##### Provided data

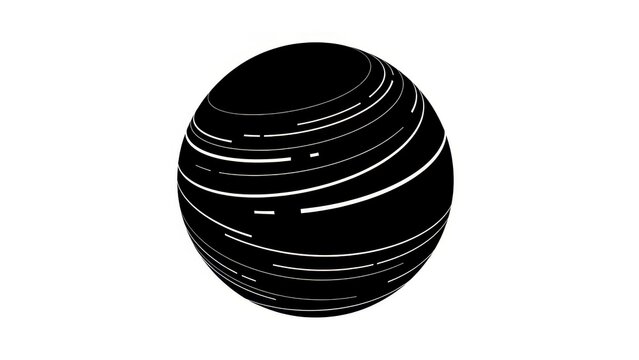 Abstract Black Sphere with White Lines on White Background.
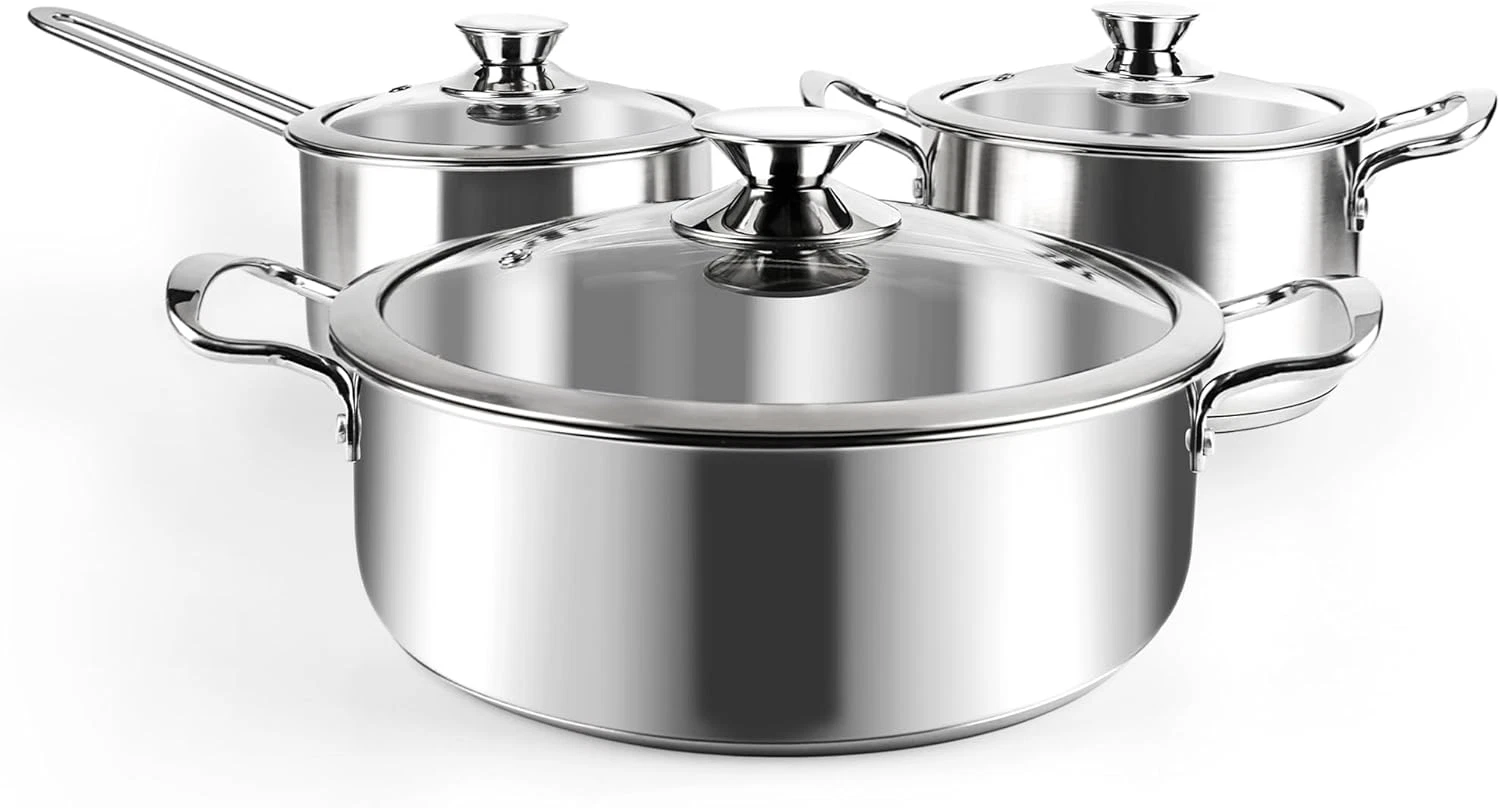 Stainless Steel Pots and Pans Set - 6Pcs Kitchen Induction Cookware Glass Lids
Opens in a new window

##########

What is expected: Apart from the pictures, every line of the data above should be given again exactly.

Task output:
 Abstract Black Sphere with White Lines on White Background.
 Stainless Steel Pots and Pans Set - 6Pcs Kitchen Induction Cookware Glass Lids
Opens in a new window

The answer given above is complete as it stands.